§ **Task brief**
Copy nothing but the line with "Визуализация комплекса жилой" and the lines that follow it to the end of the entries below, and keep the pictures out.

(Pictures with short captions)
====
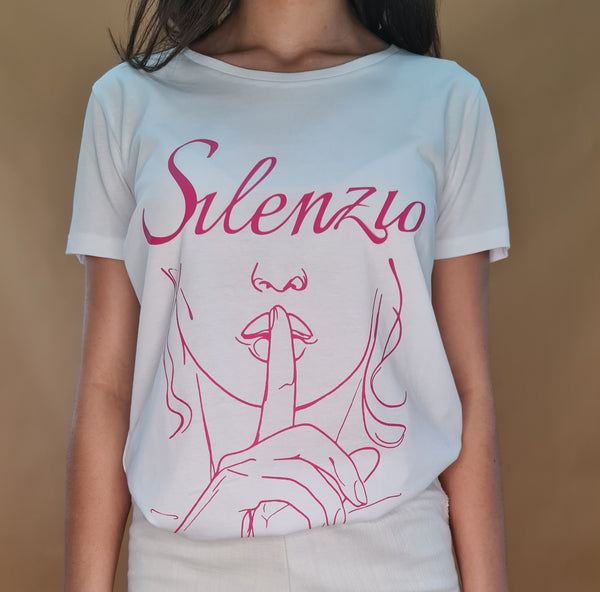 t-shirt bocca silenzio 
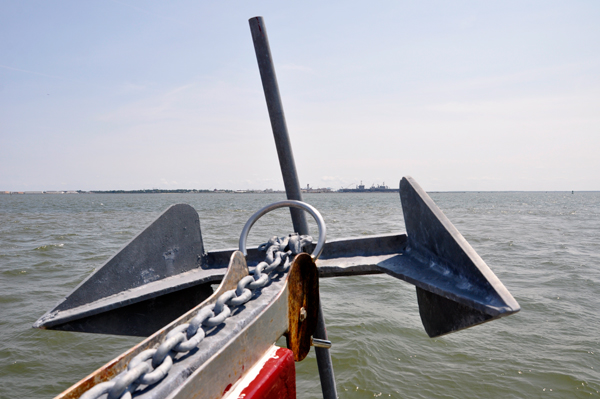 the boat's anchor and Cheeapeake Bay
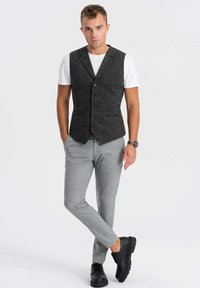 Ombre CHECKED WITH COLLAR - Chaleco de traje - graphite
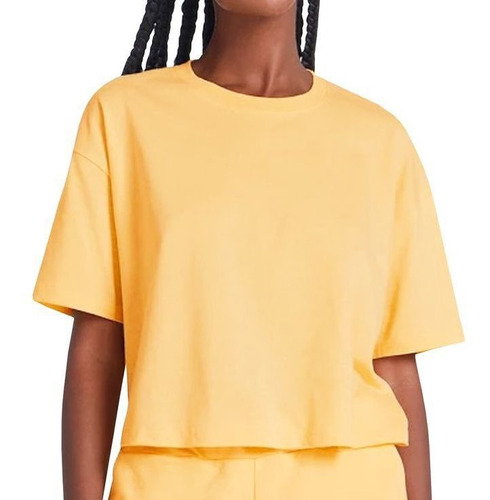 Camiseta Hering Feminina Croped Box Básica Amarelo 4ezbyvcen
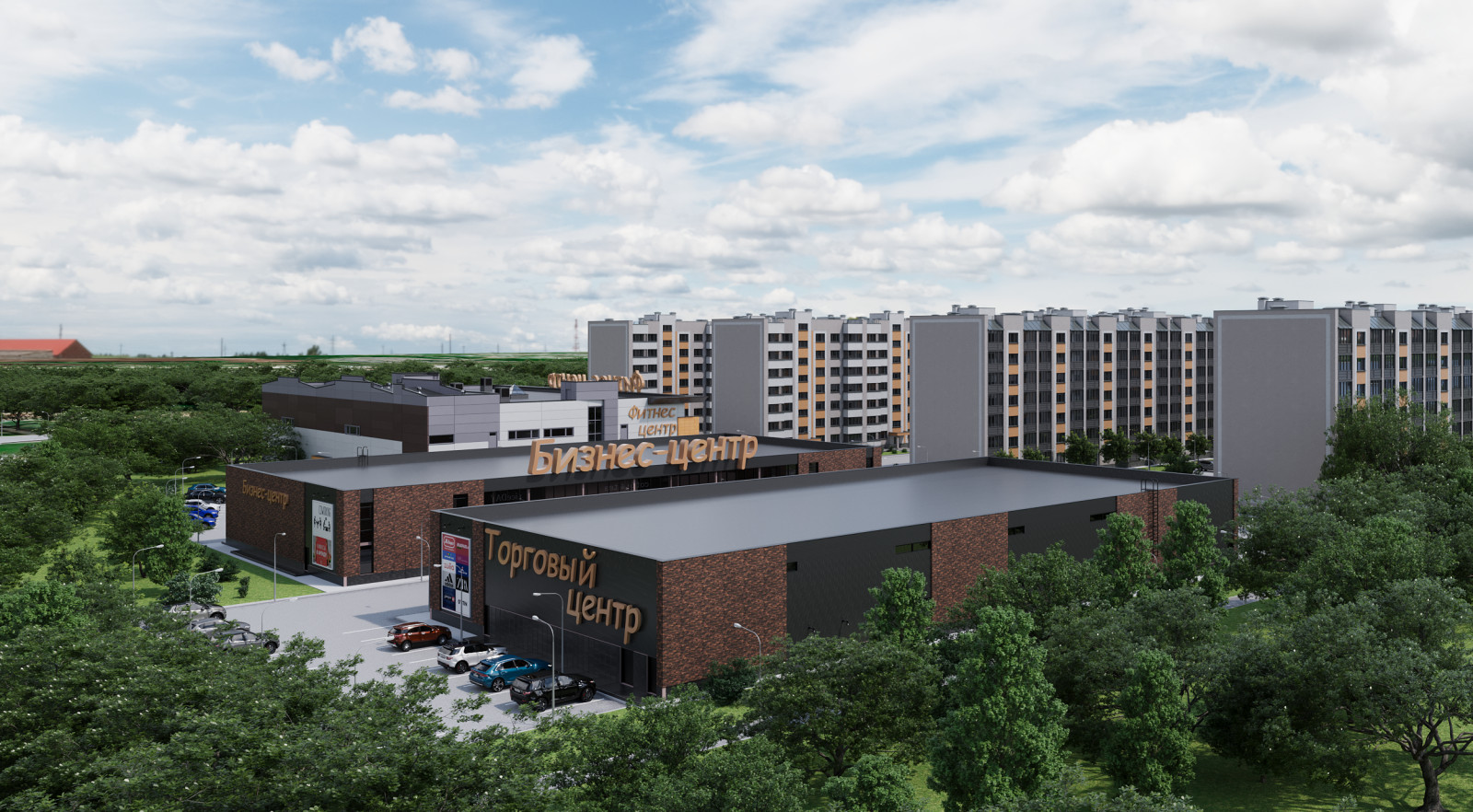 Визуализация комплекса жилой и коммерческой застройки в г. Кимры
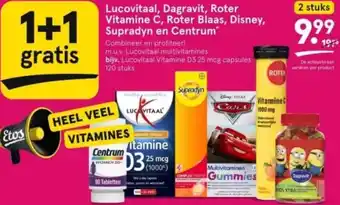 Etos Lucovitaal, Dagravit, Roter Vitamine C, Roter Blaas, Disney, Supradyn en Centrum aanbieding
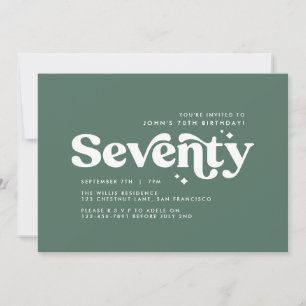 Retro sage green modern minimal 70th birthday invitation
====
§ **Exercise answer**
 Визуализация комплекса жилой и коммерческой застройки в г. Кимры
 Etos Lucovitaal, Dagravit, Roter Vitamine C, Roter Blaas, Disney, Supradyn en Centrum aanbieding
 Retro sage green modern minimal 70th birthday invitation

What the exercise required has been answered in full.